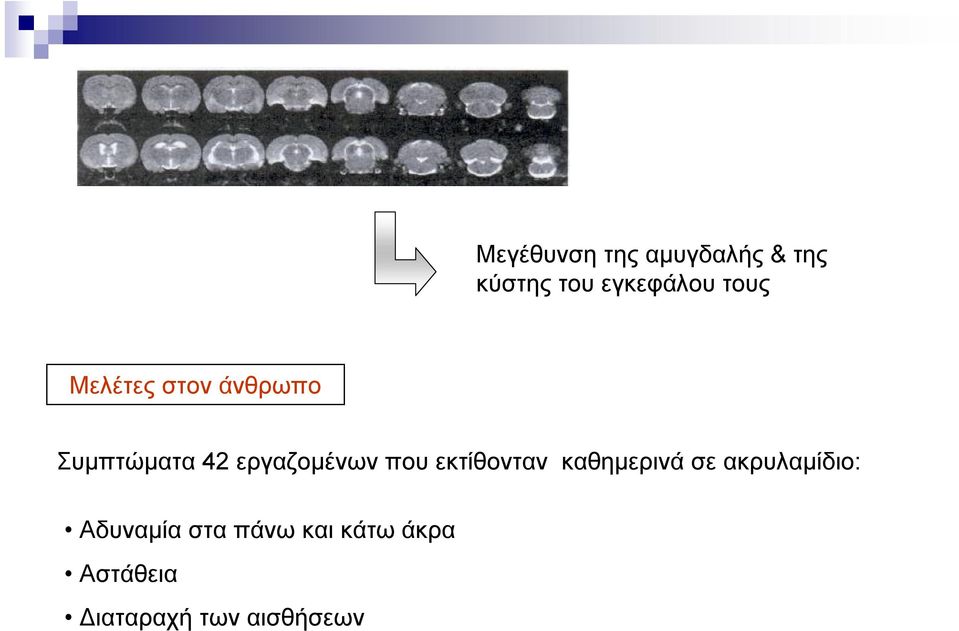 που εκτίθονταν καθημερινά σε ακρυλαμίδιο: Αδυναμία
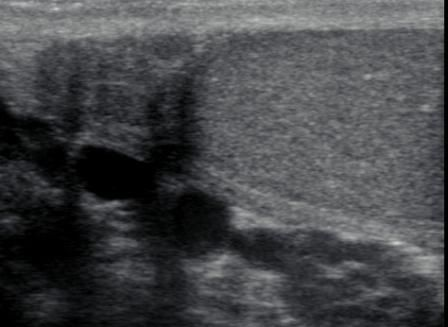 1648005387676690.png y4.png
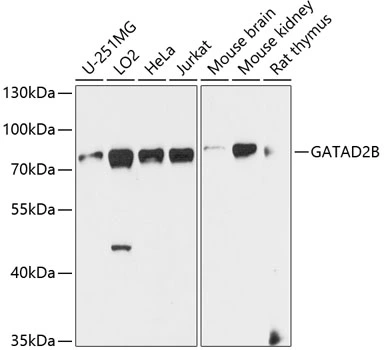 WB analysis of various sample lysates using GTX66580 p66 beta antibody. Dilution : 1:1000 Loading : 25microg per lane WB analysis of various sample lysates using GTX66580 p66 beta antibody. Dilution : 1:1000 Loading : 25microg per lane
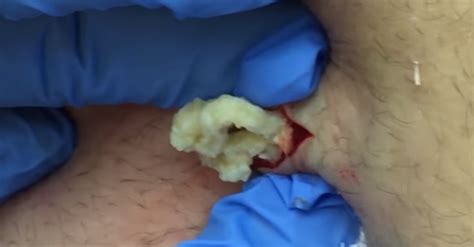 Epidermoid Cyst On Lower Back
· · · · · · ·
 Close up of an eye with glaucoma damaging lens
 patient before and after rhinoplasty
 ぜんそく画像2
· · · · · · ·
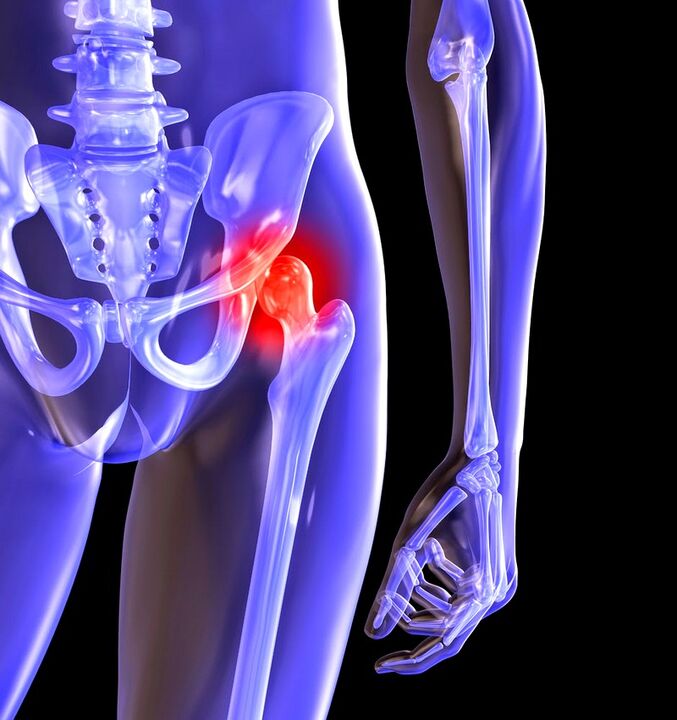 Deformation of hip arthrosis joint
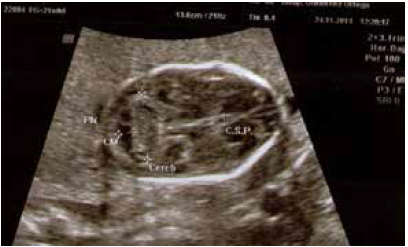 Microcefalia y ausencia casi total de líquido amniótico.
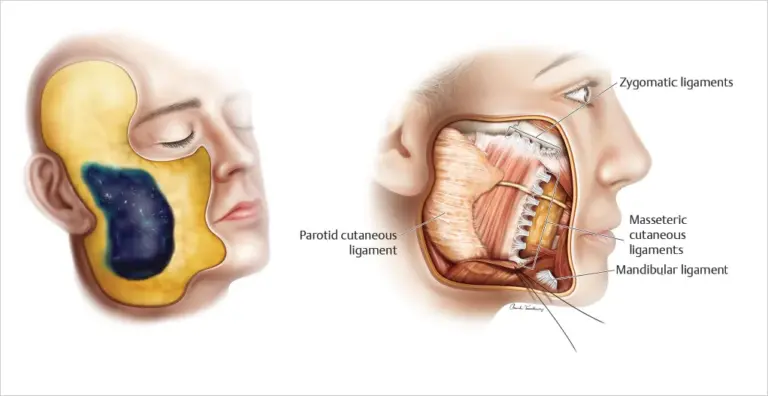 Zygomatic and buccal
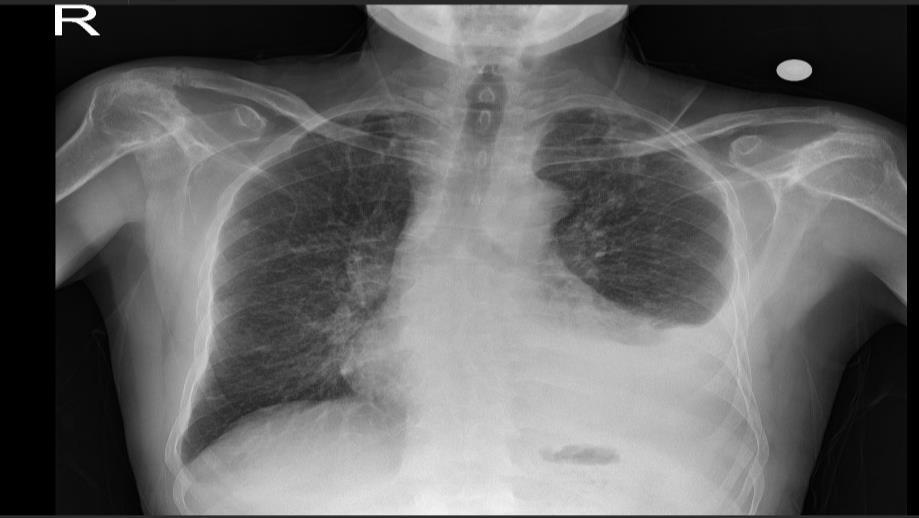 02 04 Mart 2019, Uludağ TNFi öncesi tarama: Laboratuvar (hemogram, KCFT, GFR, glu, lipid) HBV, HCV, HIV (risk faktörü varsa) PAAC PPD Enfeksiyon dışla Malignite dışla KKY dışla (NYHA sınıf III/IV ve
· · · · · · ·
• [Work to complete] In the material above, one part opens with the line containing "per lane WB" and closes with the line containing "Epidermoid Cyst On Lower Back". Write out that part exactly and skip its pictures.

• [Written answer]
 WB analysis of various sample lysates using GTX66580 p66 beta antibody. Dilution : 1:1000 Loading : 25microg per lane WB analysis of various sample lysates using GTX66580 p66 beta antibody. Dilution : 1:1000 Loading : 25microg per lane
 Epidermoid Cyst On Lower Back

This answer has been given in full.